Could it Be Magic: Public transport in Manchester

There aren’t many things I genuinely hate, you know, I’m a pacifist and stuff. Okay, there are, but not as much as I hate having to rely on public transport in this city. This is what I imagine hell to be like:

Giant blue beasts racing down the streets with deafening roar and bawl, their grotesque faces distorted from years of abuse and anger, breathing out black clouds of fumes, controlled by raving mad men who urge them as if there was no tomorrow, no future. And there you stand, damned to wait for all eternity, while the cold rain is pouring down on you, soaks your shoes, your coat, your bag, and you wait, wait, wait.

There, is it a dream? Is it a mirage? You get tense, focusing all your attention on the forehead of the beast that is quickly approaching. Will this be the one to take you back to the safety of your home? The feeling of relief when you realise that you are lucky at last is almost impossible to bear – yes, YES,  the monster does carry the two magic numbers above its eyes!

You climb up into the belly of the creature, get hit by the foulest stench, push your way to the desired position, surveyed by the piercing stares of your fellow travellers who do nothing to hide the fact that they are also fellows in misery. Water is dripping down through the window, adding only little to the dampness of your clothes that slowly turns them into a lifeless cold matter clinging onto your skin, while the adolescent join the never disappointing parade of tribal rites, accompanied by the loud rattling sounds of unknown atrocities played from strange metallic boxes.

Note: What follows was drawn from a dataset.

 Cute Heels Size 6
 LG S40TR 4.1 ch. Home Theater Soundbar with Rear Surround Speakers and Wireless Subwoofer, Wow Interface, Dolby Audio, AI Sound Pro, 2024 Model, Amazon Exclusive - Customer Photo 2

Finally. It is your time to get up, stagger and squeeze your way towards the creature’s mouth, touch one of the red tumours that have grown in its belly, one last screeching scream and the monster comes to a halt, opens it lips and vomits out a stream of people eager to escape the horror.

Run! Run! Run for your life, your health, your sanity.

Don’t know if you could tell, but I really don’t like getting buses in Manchester.

To make all this more fun, 11,000 students* have signed a petition on Facebook to get the Magic Bus Drivers to wear wizard outfits while driving around their drunken arses, probably to give them something to laugh at while they’re trashing the bus, leaving their rubbish everywhere, throwing up, shouting at people on their phones, smoking pot and being generally annoying. (Trust me, one of the regulars at the bar I used to work at used to come in after his night shifts driving the 142 Magic Bus. I have heard even worse stories.) And because Stagecoach LOVE their customers so much, they have come up with the amazing** idea to give in and, yes, let the drivers wear wizard costumes on their so called Wizard Wednesday in June. Humiliation in the name of charity.

But you know what?

I’ve got a bike now. The first time I was riding it I cried from relief. No more black magic in my life.